RU2649054C1 - Method of laser processing of nonmetallic plates - Google Patents

Abstract

FIELD: technological processes.

SUBSTANCE: invention relates to technological processes and can be used for laser annealing of plates of semiconductor, ceramic and glass-like materials. Technical result is achieved by the fact that in the method of laser processing of nonmetallic plates, consists in irradiation their surface with continuous laser emission with energy density sufficient to reach the annealing temperature of the plate surface, condition for the thermostability of the plate is calculated from the equation connecting the mechanical properties of the material and the function of Fourier criterion, and, when failure, the plate is preheated to a temperature determined from the condition of thermostability.

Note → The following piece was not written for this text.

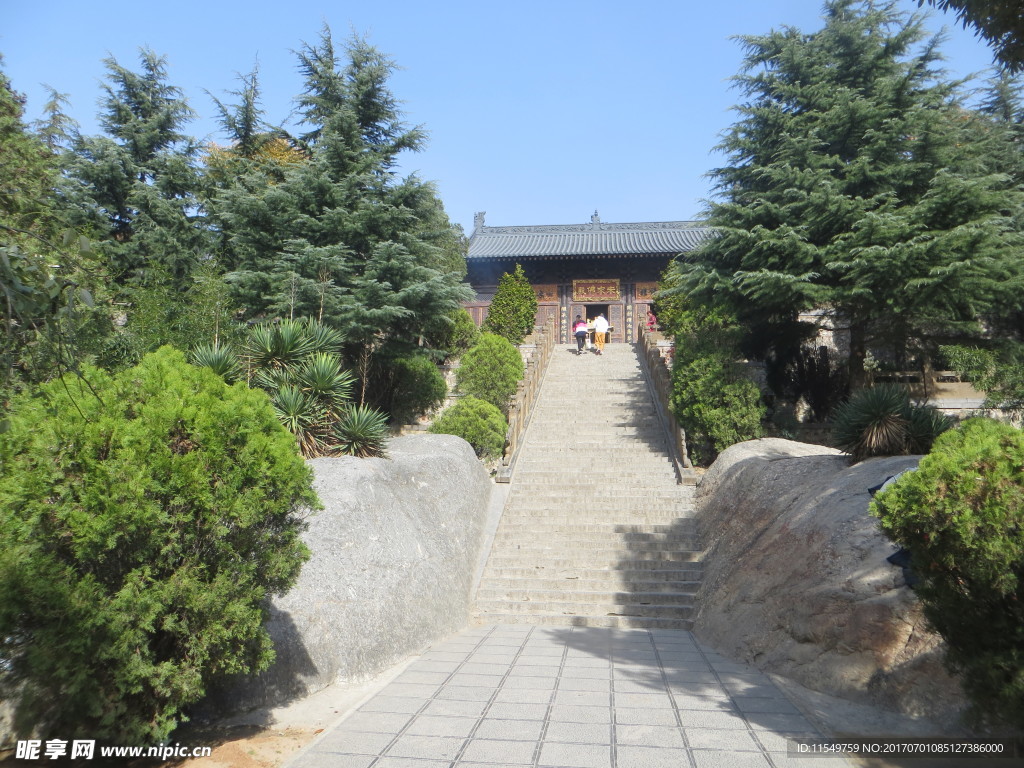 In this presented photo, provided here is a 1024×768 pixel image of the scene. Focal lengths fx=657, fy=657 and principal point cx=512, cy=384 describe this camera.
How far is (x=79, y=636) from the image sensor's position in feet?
11.1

EFFECT: technical result of the invention is to eliminate the destruction of plates by thermoelastic stresses during processing and increase the yield of suitable ones.

1 cl, 1 dwg

Description

The invention relates to the field of technological processes and can be used for laser annealing of wafers from semiconductor, ceramic and glassy materials.

A known method of processing non-metallic materials used for amorphization of silicon and consisting in irradiating the surface of the plate with a laser pulse [Boyazitov P.M. Amorphization and crystallization of silicon by subnanosecond laser pulses. Abstracts of the All-Union Conference on the interaction of optical radiation with matter. Leningrad. March 11-18, 1988, with. 24] with an energy density sufficient to melt the surface layer. There is also a method of processing non-metallic materials used for annealing of ion-doped silicon [Kuzmenchenko T.A. et al. Laser annealing of ion-doped silicon by radiation with a wavelength of 2.94 microns. Abstracts of the All-Union Conference on the interaction of optical radiation with matter. Leningrad. March 11-18, 1988, with. 29]. The disadvantage of these methods is that they do not take into account the thermoelastic stresses that occur in the plates during processing. Since the materials being processed are partially transparent to the incident radiation, regimes are possible in which thermoelastic stresses capable of destroying the plates will be decisive in technological processes.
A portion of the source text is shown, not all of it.